Material provided
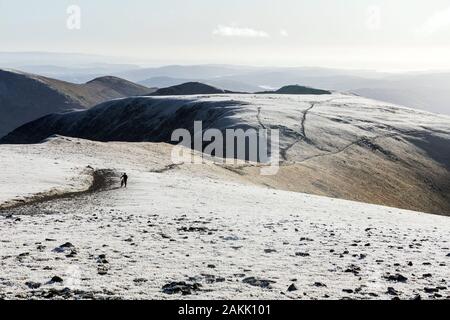 Ein Mountainbiker drückt ihre Maschine, ein reitweg auf der Helvellyn Bereich im Winter Stockfoto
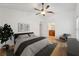 Staged bedroom featuring wood-look floors, ceiling fan, ensuite bathroom, and accent furniture at 1624 Shady Leaf Dr, Valrico, FL 33596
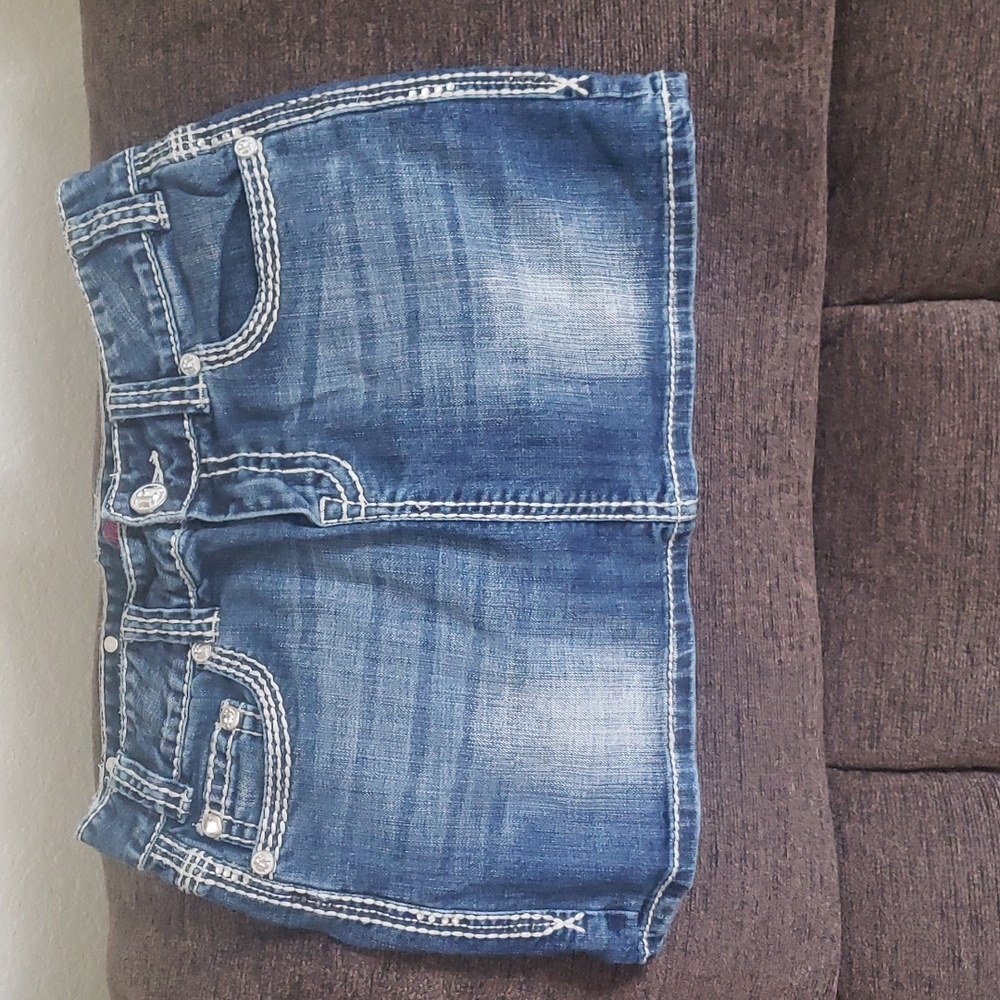 Rock and roll cowgirl  denim skirt.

Work order
Drop the images; restate the listing exactly.

Answer to the exercise
 Ein Mountainbiker drückt ihre Maschine, ein reitweg auf der Helvellyn Bereich im Winter Stockfoto
 Staged bedroom featuring wood-look floors, ceiling fan, ensuite bathroom, and accent furniture at 1624 Shady Leaf Dr, Valrico, FL 33596
 Rock and roll cowgirl  denim skirt.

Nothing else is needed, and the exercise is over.